[Records from a data source]
- - -

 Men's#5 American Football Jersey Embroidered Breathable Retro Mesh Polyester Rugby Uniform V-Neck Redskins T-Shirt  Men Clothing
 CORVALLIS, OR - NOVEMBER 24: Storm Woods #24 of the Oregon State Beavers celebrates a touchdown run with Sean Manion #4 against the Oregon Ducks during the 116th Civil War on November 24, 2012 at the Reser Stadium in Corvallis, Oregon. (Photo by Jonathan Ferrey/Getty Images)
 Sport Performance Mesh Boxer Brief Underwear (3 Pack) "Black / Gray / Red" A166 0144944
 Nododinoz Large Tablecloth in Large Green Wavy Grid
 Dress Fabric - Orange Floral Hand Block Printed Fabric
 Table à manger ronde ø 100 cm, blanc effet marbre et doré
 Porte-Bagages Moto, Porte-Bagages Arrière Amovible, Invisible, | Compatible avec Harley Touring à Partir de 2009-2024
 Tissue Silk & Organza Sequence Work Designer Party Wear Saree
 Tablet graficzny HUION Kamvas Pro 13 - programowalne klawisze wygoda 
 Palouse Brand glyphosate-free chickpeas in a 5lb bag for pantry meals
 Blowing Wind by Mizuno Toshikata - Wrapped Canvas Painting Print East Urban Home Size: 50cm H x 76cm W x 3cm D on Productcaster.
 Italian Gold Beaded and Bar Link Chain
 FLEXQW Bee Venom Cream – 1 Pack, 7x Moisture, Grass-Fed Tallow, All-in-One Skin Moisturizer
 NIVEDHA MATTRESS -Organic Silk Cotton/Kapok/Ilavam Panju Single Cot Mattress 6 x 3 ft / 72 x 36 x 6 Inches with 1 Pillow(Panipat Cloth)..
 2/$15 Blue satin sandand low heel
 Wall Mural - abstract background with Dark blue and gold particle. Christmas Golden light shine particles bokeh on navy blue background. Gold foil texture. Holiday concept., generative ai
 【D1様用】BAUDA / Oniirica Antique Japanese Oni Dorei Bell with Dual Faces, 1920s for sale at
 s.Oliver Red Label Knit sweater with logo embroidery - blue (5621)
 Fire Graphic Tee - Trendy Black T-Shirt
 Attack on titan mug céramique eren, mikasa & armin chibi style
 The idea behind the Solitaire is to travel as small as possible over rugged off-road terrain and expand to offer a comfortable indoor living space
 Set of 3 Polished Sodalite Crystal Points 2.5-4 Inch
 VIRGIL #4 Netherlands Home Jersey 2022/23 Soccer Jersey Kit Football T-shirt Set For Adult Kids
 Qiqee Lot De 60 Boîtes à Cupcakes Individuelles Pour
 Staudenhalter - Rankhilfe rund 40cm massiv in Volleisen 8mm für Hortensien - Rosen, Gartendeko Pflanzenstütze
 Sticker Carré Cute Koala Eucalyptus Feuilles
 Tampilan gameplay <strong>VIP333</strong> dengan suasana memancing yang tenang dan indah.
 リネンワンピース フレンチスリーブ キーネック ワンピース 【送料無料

- - -

Task details:
Given the records above, return exactly the lines starting at the line containing "Porte-Bagages Moto, Porte-Bagages" and ending at the line containing "Palouse Brand glyphosate-free", including both.

Problem solution:
 Porte-Bagages Moto, Porte-Bagages Arrière Amovible, Invisible, | Compatible avec Harley Touring à Partir de 2009-2024
 Tissue Silk & Organza Sequence Work Designer Party Wear Saree
 Tablet graficzny HUION Kamvas Pro 13 - programowalne klawisze wygoda 
 Palouse Brand glyphosate-free chickpeas in a 5lb bag for pantry meals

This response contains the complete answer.